With the state’s unemployment rate stuck at around 12 percent, many Californians are suffering and desperate for a paycheck. Exploiting their pain, two Texas oil companies, a pair of out-of-state billionaires, and other backers of Proposition 23 hope to convince voters to effectively repeal California’s landmark clean energy law in the name of protecting jobs.
In fact, passing Prop 23 would protect fossil fuel industry profits, not jobs, which explains why it is being bankrolled by the Valero and Tesoro Texas oil companies and a Kansas-based company owned by the Koch brothers, who made their fortune in the oil industry. Rather than protecting jobs, Prop 23 would indefinitely delay sensible measures to create a clean energy economy.
Prop 23’s target, the Global Warming Solutions Act (AB 32), requires California to reduce emissions of heat-trapping pollution to 1990 levels by 2020, and it lays the groundwork for cost-effective means of achieving this goal, including market-based “cap and trade” regulation. As an economist who teaches environmental policy, I was delighted to see California adopt an approach that economists have urged for years—one that harnesses market incentives and competition to achieve pollution reductions at minimal cost.
What does clean energy mean for employment? The net impact on California’s employment picture is likely to be so small as to be barely noticeable in the unemployment statistics. While some of our clean energy law’s provisions will add to the short-term cost of doing business, most independent estimates find these costs to be quite modest. Offsetting these transitional impacts will be new “green jobs” in the renewable energy and energy efficiency sectors. Clean technology is a growth industry, and California has been a significant beneficiary of that growth. Venture capitalists poured $2.1 billion in “clean economy” investment capital into California in 2009 alone, 60 percent of the total in North America.

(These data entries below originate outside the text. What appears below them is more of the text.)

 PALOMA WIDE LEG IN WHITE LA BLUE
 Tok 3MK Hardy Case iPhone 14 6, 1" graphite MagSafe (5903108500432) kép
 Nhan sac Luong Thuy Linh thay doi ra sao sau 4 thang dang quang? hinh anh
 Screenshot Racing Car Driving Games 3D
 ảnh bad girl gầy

But the biggest reason that California’s clean energy law will have little impact on the employment situation is that California’s economic crisis is first and foremost a product of the financial crisis and the resulting global recession, not state energy policy. Why California’s unemployment rate is higher than the national average is subject to debate, but likely suspects include the severity of California’s real estate collapse, along with the poor fiscal condition of our state and local governments.
Prop 23 would create regulatory uncertainty that could compound the damage to California’s economy for years. Regulations work best when they are stable and predictable, so businesses and consumers can make plans to adapt to them. Prop 23 would render such plans contingent on an unknowable future path of the state’s labor market, creating unnecessary costs and further delays.

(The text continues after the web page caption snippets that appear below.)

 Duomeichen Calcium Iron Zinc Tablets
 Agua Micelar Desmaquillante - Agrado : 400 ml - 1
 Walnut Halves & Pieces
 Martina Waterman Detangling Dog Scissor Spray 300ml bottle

While California can’t solve global warming on its own, our leadership can make a big difference. There are two reasons we must move forward. First, California is a huge economy and a significant source of global warming pollution in its own right. Second, what our state learns about clean energy alternatives and market-based climate policies will have a ripple effect well beyond our borders.
If global warming continues unchecked, the long-run impacts of coastal flooding, wildfires, and drought represent a serious threat to our economy and way of life. That’s why when the Union of Concerned Scientists invited me to sign an open letter from more than 100 Ph.D. economists urging Californians not to delay implementing AB 32, I was glad to do so, and I urge you to join me in voting No on Prop 23 in November.